▶ **Goal of the exercise**
The response should consist of the records that follow, repeated exactly.

Provided data below:

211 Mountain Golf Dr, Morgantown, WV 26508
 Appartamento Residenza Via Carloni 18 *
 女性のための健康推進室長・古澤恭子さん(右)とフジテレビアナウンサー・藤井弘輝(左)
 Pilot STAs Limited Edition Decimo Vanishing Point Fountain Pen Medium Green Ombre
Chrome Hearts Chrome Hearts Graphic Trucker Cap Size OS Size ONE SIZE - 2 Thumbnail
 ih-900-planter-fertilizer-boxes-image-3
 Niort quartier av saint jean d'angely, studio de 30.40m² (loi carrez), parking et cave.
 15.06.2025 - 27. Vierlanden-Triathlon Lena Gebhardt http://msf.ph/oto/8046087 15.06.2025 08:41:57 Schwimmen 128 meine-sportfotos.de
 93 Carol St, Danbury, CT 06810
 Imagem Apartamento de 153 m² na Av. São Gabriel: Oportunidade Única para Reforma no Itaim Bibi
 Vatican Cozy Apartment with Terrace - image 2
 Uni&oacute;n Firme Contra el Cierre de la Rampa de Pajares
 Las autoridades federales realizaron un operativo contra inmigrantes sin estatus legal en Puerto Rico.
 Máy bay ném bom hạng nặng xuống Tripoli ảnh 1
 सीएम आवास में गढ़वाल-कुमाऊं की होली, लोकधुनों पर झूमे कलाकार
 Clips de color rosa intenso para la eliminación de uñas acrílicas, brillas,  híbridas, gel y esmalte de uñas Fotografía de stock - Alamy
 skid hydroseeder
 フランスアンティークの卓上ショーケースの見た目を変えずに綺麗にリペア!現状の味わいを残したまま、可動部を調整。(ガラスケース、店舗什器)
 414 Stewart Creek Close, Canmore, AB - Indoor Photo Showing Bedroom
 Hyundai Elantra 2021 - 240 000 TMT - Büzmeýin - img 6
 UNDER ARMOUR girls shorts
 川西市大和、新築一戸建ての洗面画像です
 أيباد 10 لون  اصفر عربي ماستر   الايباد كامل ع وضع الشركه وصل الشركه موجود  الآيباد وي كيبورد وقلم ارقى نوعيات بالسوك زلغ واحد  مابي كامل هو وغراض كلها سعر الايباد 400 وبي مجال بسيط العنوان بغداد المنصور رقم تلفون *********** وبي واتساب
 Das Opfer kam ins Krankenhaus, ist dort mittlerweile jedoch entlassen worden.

End of Provided data.

▶ **Exercise response**
211 Mountain Golf Dr, Morgantown, WV 26508
 Appartamento Residenza Via Carloni 18 *
 女性のための健康推進室長・古澤恭子さん(右)とフジテレビアナウンサー・藤井弘輝(左)
 Pilot STAs Limited Edition Decimo Vanishing Point Fountain Pen Medium Green Ombre
Chrome Hearts Chrome Hearts Graphic Trucker Cap Size OS Size ONE SIZE - 2 Thumbnail
 ih-900-planter-fertilizer-boxes-image-3
 Niort quartier av saint jean d'angely, studio de 30.40m² (loi carrez), parking et cave.
 15.06.2025 - 27. Vierlanden-Triathlon Lena Gebhardt http://msf.ph/oto/8046087 15.06.2025 08:41:57 Schwimmen 128 meine-sportfotos.de
 93 Carol St, Danbury, CT 06810
 Imagem Apartamento de 153 m² na Av. São Gabriel: Oportunidade Única para Reforma no Itaim Bibi
 Vatican Cozy Apartment with Terrace - image 2
 Uni&oacute;n Firme Contra el Cierre de la Rampa de Pajares
 Las autoridades federales realizaron un operativo contra inmigrantes sin estatus legal en Puerto Rico.
 Máy bay ném bom hạng nặng xuống Tripoli ảnh 1
 सीएम आवास में गढ़वाल-कुमाऊं की होली, लोकधुनों पर झूमे कलाकार
 Clips de color rosa intenso para la eliminación de uñas acrílicas, brillas,  híbridas, gel y esmalte de uñas Fotografía de stock - Alamy
 skid hydroseeder
 フランスアンティークの卓上ショーケースの見た目を変えずに綺麗にリペア!現状の味わいを残したまま、可動部を調整。(ガラスケース、店舗什器)
 414 Stewart Creek Close, Canmore, AB - Indoor Photo Showing Bedroom
 Hyundai Elantra 2021 - 240 000 TMT - Büzmeýin - img 6
 UNDER ARMOUR girls shorts
 川西市大和、新築一戸建ての洗面画像です
 أيباد 10 لون  اصفر عربي ماستر   الايباد كامل ع وضع الشركه وصل الشركه موجود  الآيباد وي كيبورد وقلم ارقى نوعيات بالسوك زلغ واحد  مابي كامل هو وغراض كلها سعر الايباد 400 وبي مجال بسيط العنوان بغداد المنصور رقم تلفون *********** وبي واتساب
 Das Opfer kam ins Krankenhaus, ist dort mittlerweile jedoch entlassen worden.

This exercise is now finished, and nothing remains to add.